| Problem requirements |
Go through the listing below and write out exactly the lines from the one that mentions "BT1 (Bón thúc cho cây sầu riêng)" through the one that mentions "Toyota Yaris III", minus the pictures.
Data for processing Start Marker
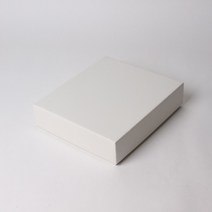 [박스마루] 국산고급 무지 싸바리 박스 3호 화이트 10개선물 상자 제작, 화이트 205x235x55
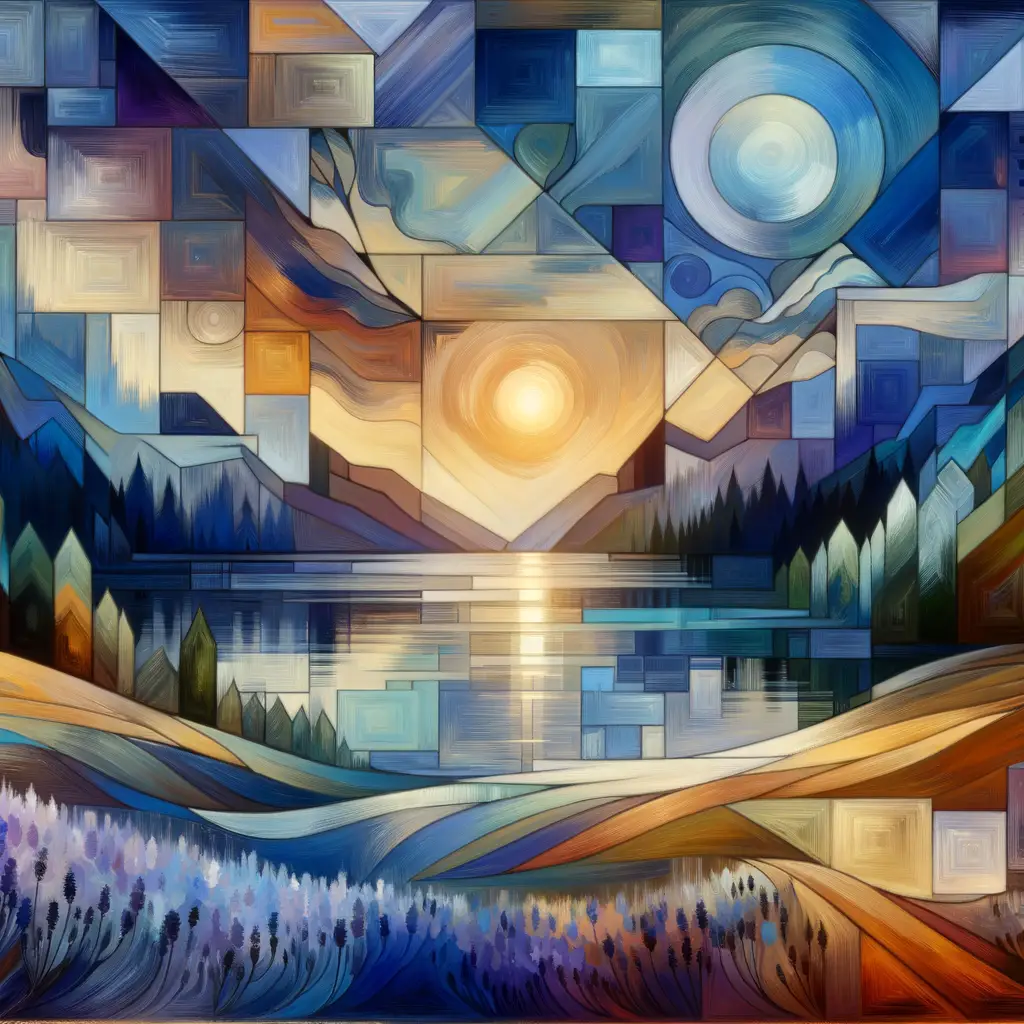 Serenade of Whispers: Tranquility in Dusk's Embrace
Data for processing End Marker
Data for processing Start Marker
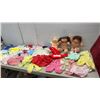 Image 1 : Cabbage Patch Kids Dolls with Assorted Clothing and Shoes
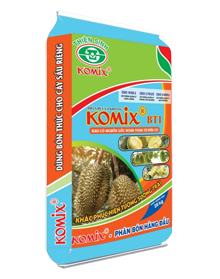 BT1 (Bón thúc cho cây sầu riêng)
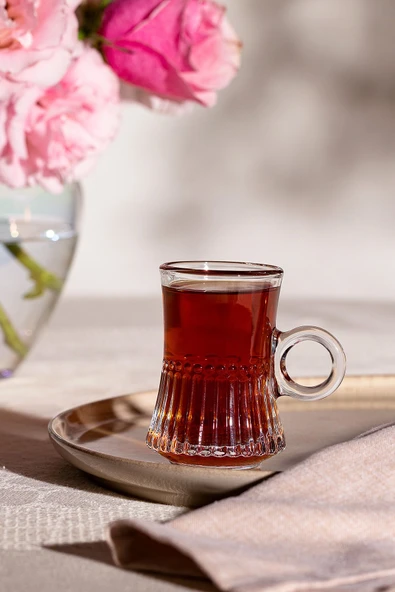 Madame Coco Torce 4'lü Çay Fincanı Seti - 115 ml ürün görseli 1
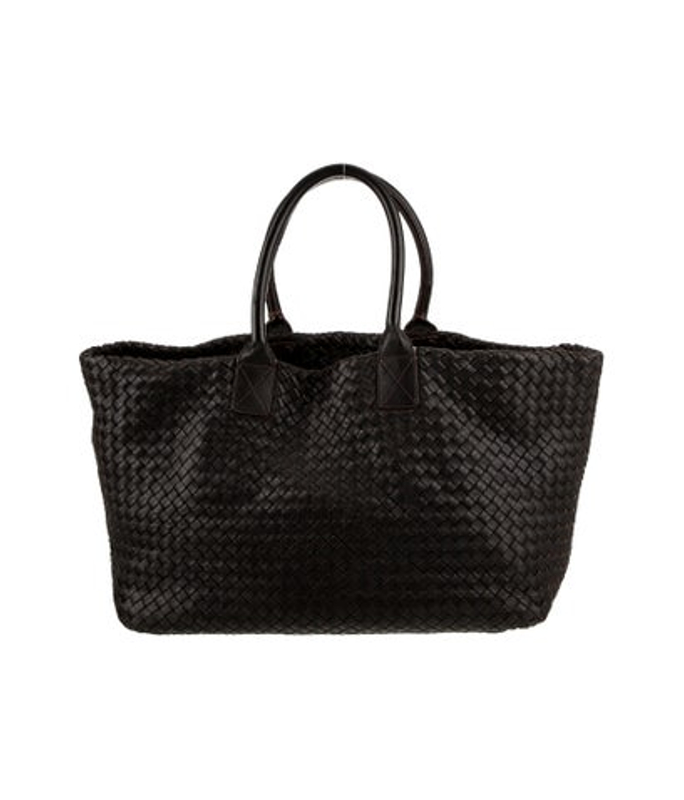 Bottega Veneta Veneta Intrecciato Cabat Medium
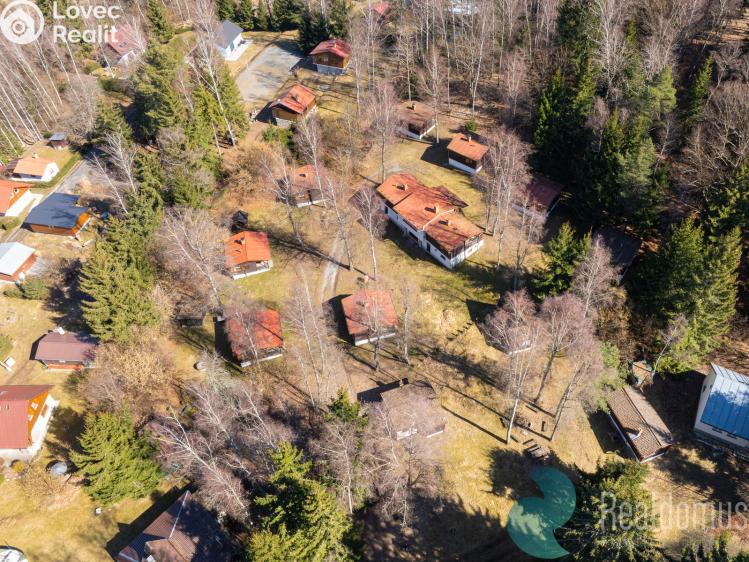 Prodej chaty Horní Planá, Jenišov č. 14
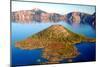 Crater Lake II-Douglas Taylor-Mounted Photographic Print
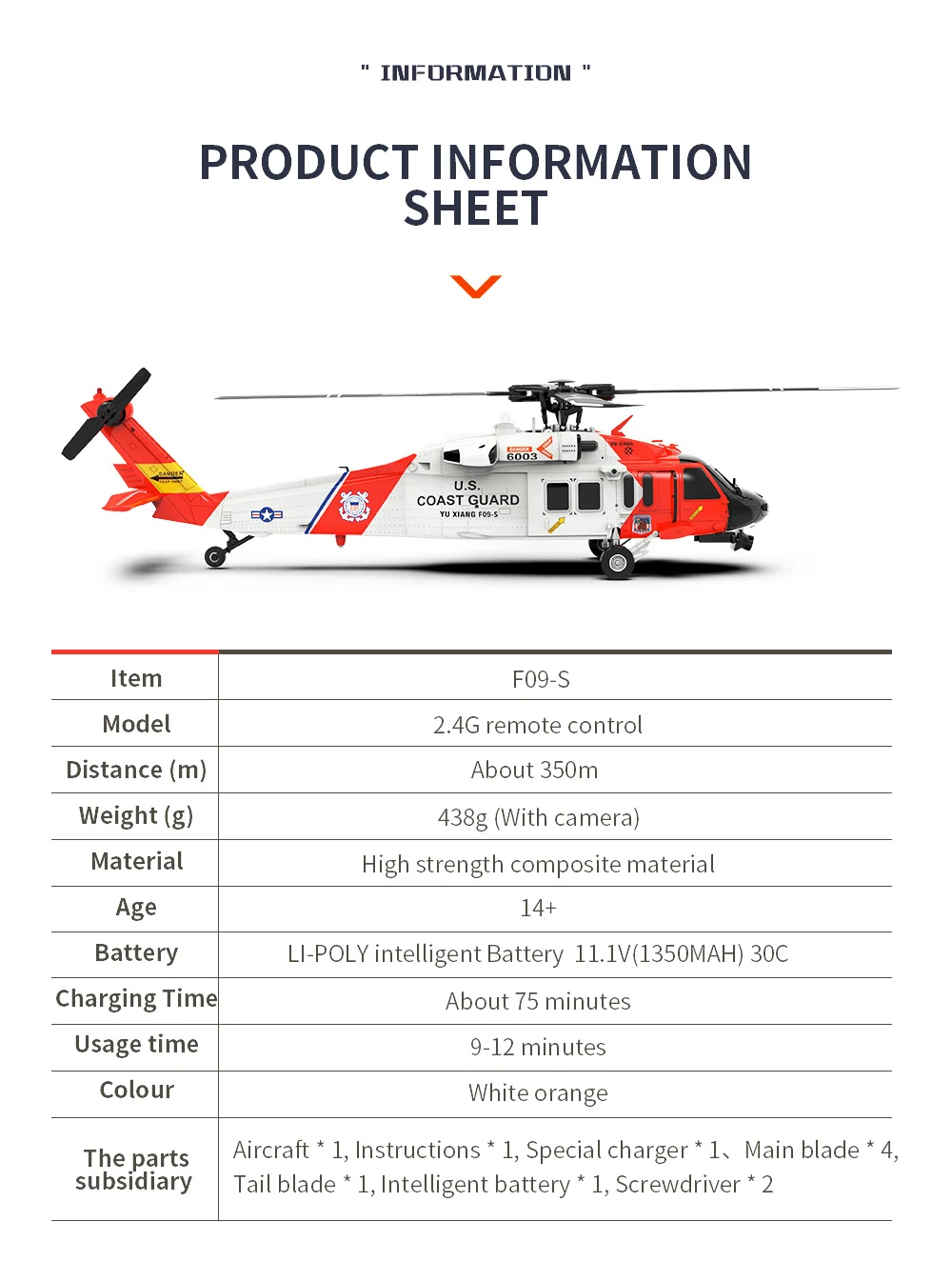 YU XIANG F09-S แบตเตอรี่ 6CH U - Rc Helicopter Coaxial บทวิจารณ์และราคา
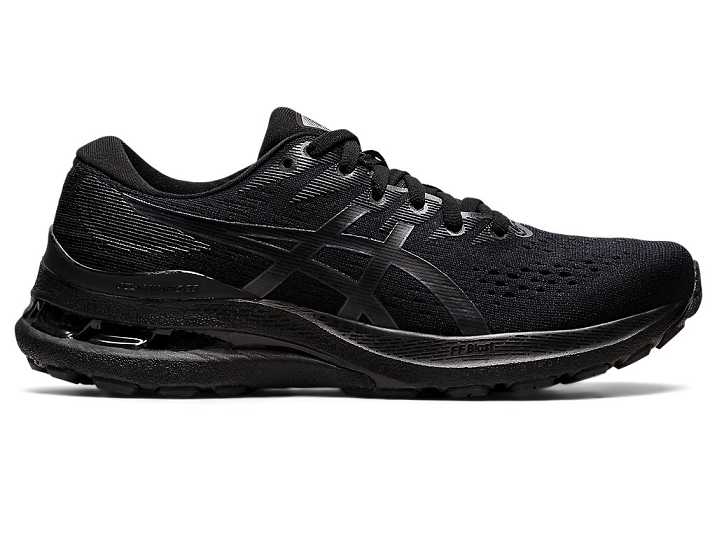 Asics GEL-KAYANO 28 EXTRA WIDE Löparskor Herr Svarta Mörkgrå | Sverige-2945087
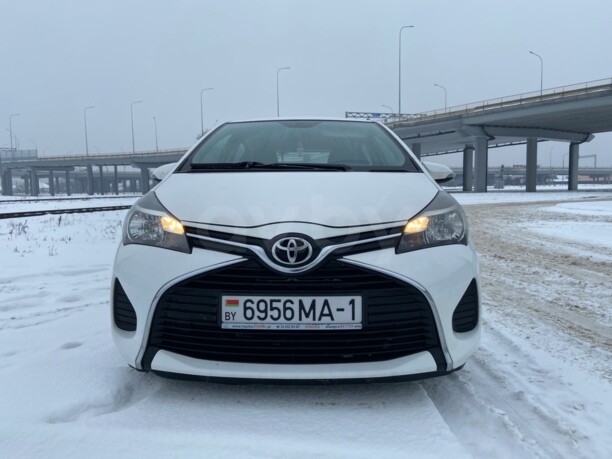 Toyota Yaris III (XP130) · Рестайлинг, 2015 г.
Data for processing End Marker
| Problem solution |
 BT1 (Bón thúc cho cây sầu riêng)
 Madame Coco Torce 4'lü Çay Fincanı Seti - 115 ml ürün görseli 1
 Bottega Veneta Veneta Intrecciato Cabat Medium
 Prodej chaty Horní Planá, Jenišov č. 14
 Crater Lake II-Douglas Taylor-Mounted Photographic Print
 YU XIANG F09-S แบตเตอรี่ 6CH U - Rc Helicopter Coaxial บทวิจารณ์และราคา
 Asics GEL-KAYANO 28 EXTRA WIDE Löparskor Herr Svarta Mörkgrå | Sverige-2945087
 Toyota Yaris III (XP130) · Рестайлинг, 2015 г.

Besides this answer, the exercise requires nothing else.